Determined to support the Nazi war effort by placing French industrial resources at the disposal of the German war economy, Stülpnagel discouraged all activities that did not advance the German war effort. The latter goal placed him at loggerheads with Nazi party stalwarts who viewed World War II as a struggle against Jews and their alleged Communist allies. Days after German troops occupied Paris, agents of the Reichsleiter Rosenberg Taskforce and German embassy staff began to confiscate the art collections of prominent French Jews. Upset by the apparent seizure of France's artistic patrimony, the French government complained to German diplomats and the MBF. Eager to maintain cordial relations with the Vichy regime, Stülpnagel and his staff condemned the confiscations through a series of protests that eventually reached Hitler's desk, but to no avail. Hitler eventually exempted the Einsatzstab from military control and sanctioned the wholesale theft of Jewish art collections.
Conflict with the SS followed a similar pattern. Forced to accept an advisory role at the start of the Occupation, the SS complained of the alleged danger of the so-called 'Jewish menace' and pressed MBF to launch an active campaign against "racial opponents" in France, but lacked the authority to act independently. After French Resistance groups shot Colonel Karl Friedrich Hotz in Nantes on 20 October and Hans-Gottfried Reimers in Bordeaux on 21 October 1941, Hitler ordered Stülpnagel to execute 100-150 French hostages for each attack.
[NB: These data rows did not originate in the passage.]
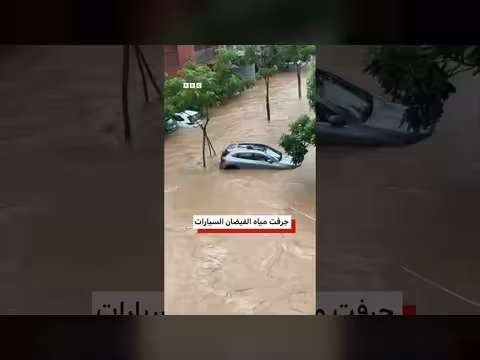 موقف سيارات في الهند يغمره الفيضان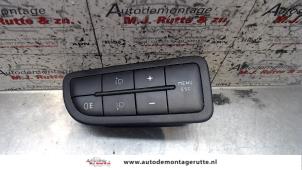 O98527 Gebruikte schakelaar koplamp ihv Fiat Punto Grande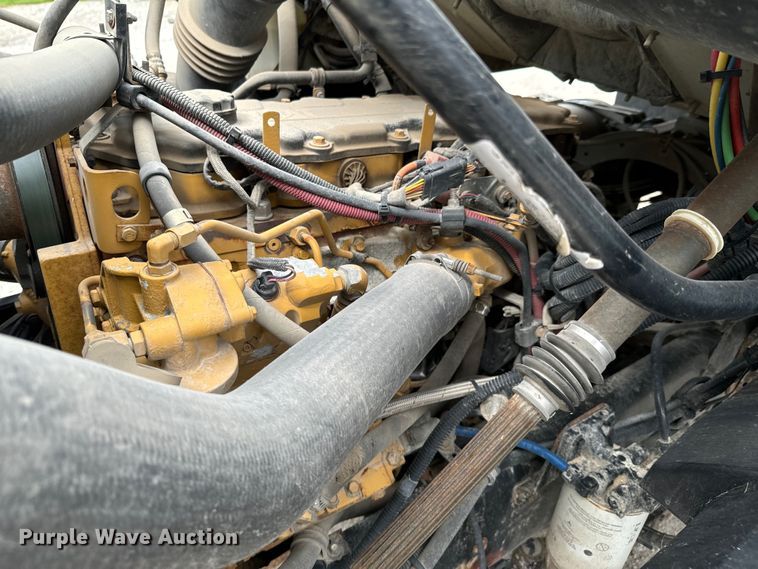 image for item DX0706 2005 Sterling L8500 dump truck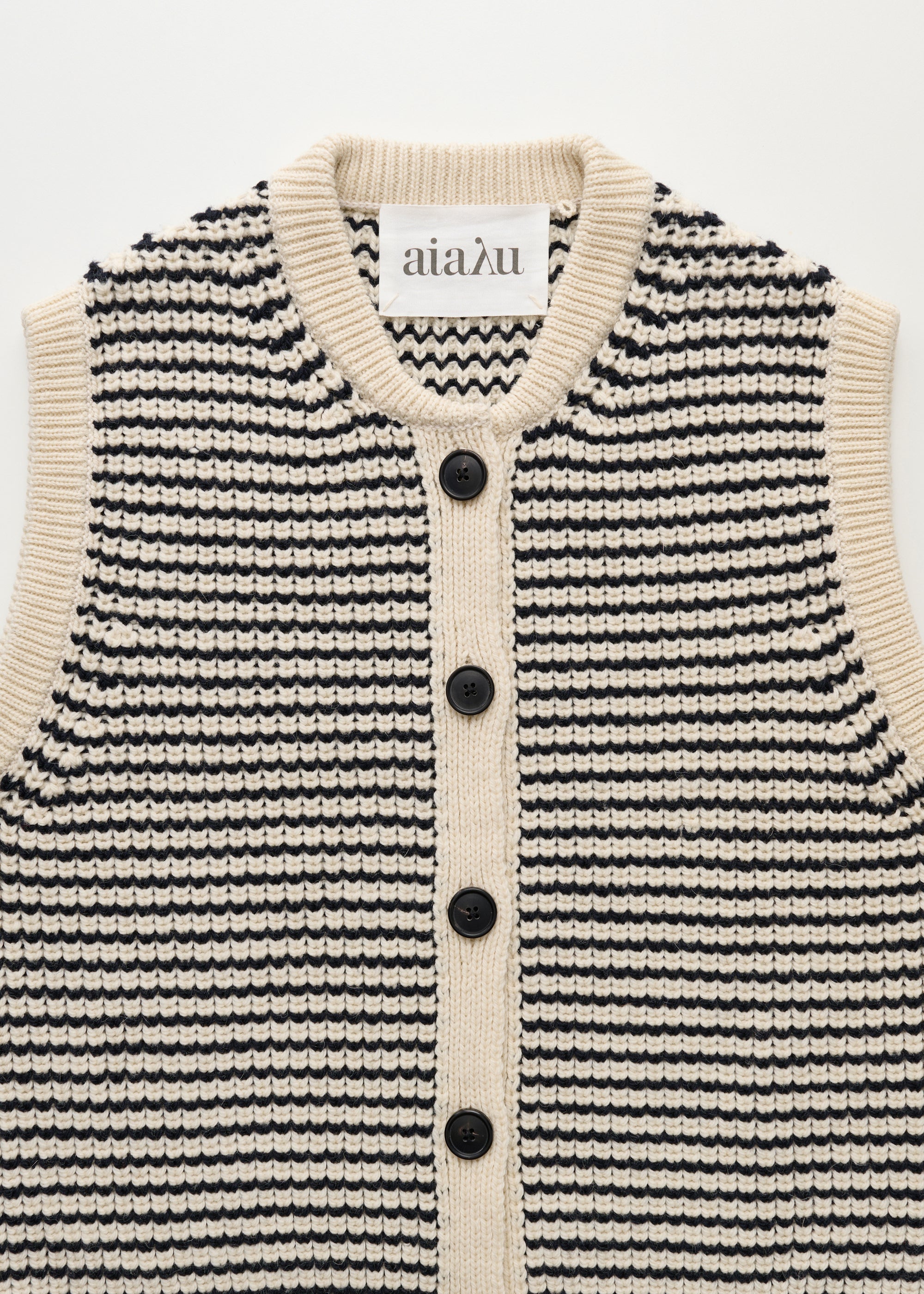 Asha vest – highland wool | Mix Black Navy Vest aiayu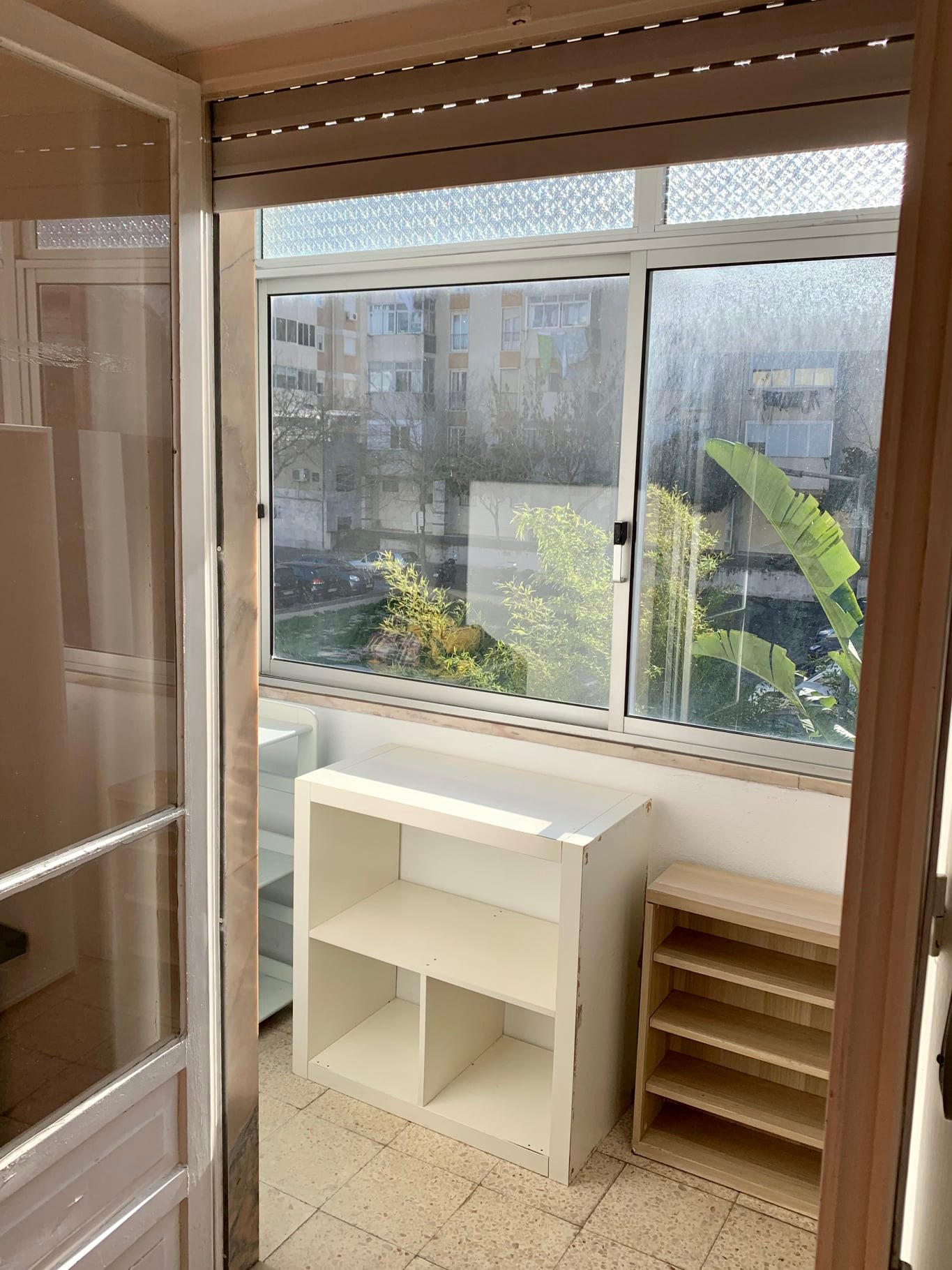 Bright Double Room 2 with Desk & Balcony Access em São Domingos de Benfica, lisboa – foto 2 de 10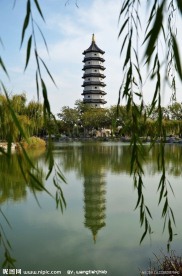 致远塔美景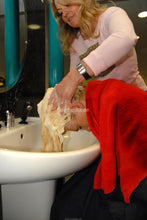 Cargar imagen en el visor de la galería, 500 RG Christin blonde thick hair salon forward shampooing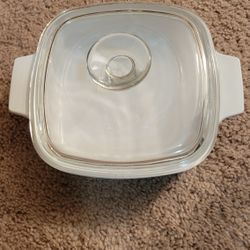 This item is a vintage Corning Ware casserole dish in the "L'Echalote" (Spice of Life) pattern. 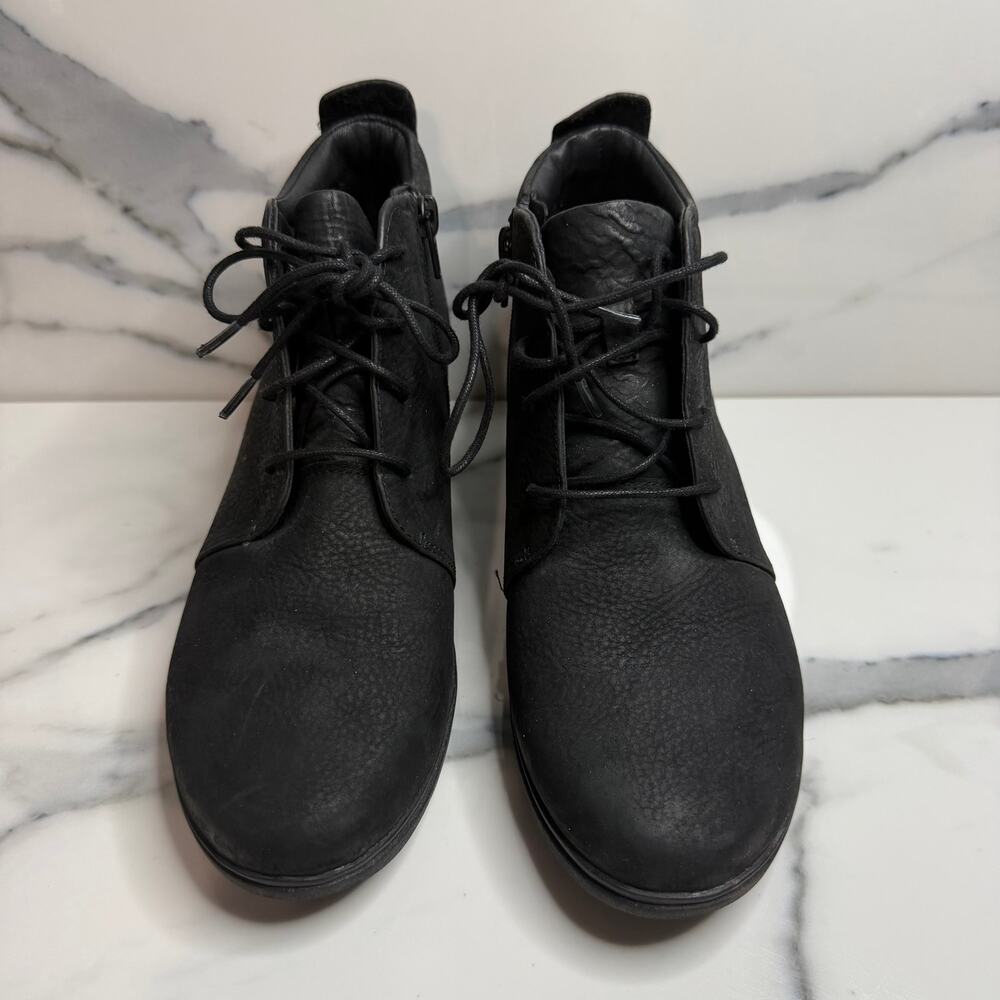 Clarks Women's Black Suede Un Tallara Eva Wedge Boots Sz 8 Minimalist Comfort - Picture 2 of 8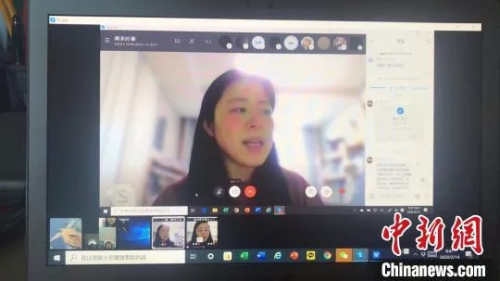 資料圖：首爾中國文化中心老師孫英霜正在給韓國學(xué)員上網(wǎng)課。(首爾中國文化中心供圖)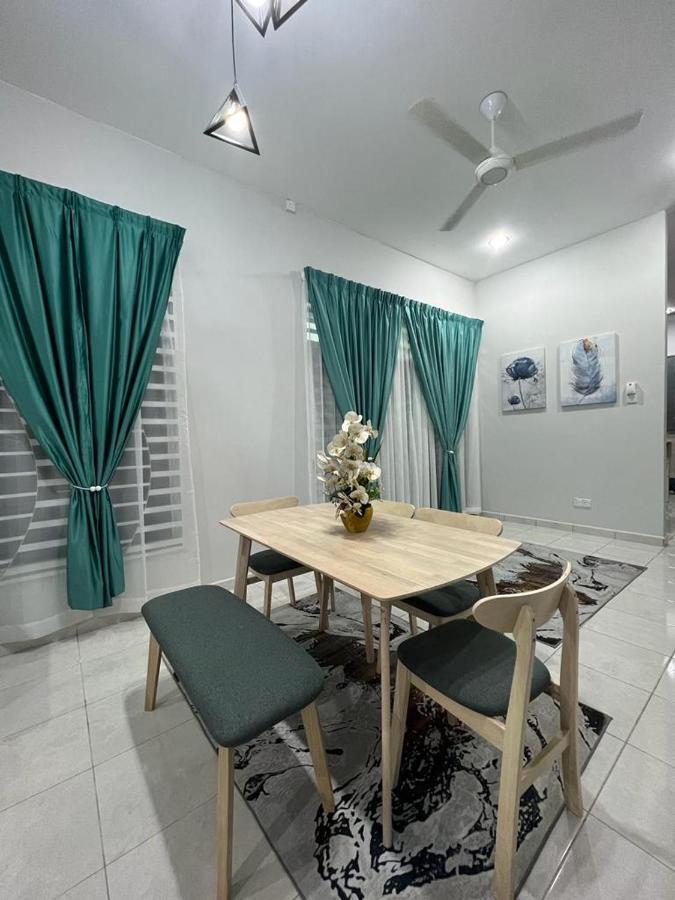 D'Sara Homestay Fully Furnished 3 Bedrooms All Aircond 2 Miles Centre Chukai Екстериор снимка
The MBF immediately condemned Hitler's policy through official channels, treated both attacks as a single incident, and shot a total of 98 hostages. Determined to preserve French cooperation, Stülpnagel condemned large-scale executions. In contrast, the SS demonstrated its enthusiasm for Hitler's war against the so-called Jewish conspiracy by bombing seven synagogues in Paris on the night of 2/3 October 1941. Embarrassed by the attacks, Stülpnagel complained to superiors in Berlin, but his repeated protests only reiterated tepid support for Nazi racial policy.
Suspecting the MBF of Francophilia, Field Marshal Wilhelm Keitel, the head of Oberkommando der Wehrmacht (OKW; Armed Forces High Command) grew tired of Stülpnagel's complaints. On 2 February 1942, he directed the MBF to answer all acts of resistance with "sharp deterrents, including the execution of a large number of imprisoned Communists, Jews, or people who carried out previous attacks, and the arrest of at least 1,000 Jews or Communists for later evacuation."
Stülpnagel, who had executed 95 hostages on 15 December 1941, refused to go any further in the implementation of the retaliation policy. He promptly submitted a bitter letter of resignation. Succeeded by his cousin Carl-Heinrich von Stülpnagel, Stülpnagel may have suffered a nervous breakdown. He spent the remainder of the war with his wife in Berlin.
Arrested by Allied authorities after Germany’s surrender, Stülpnagel was moved to a French military prison. Charged with war crimes by French authorities, Stülpnagel committed suicide in Cherche-Midi Prison on 6 February 1948. He is buried in the Champigny-Saint-André German war cemetery.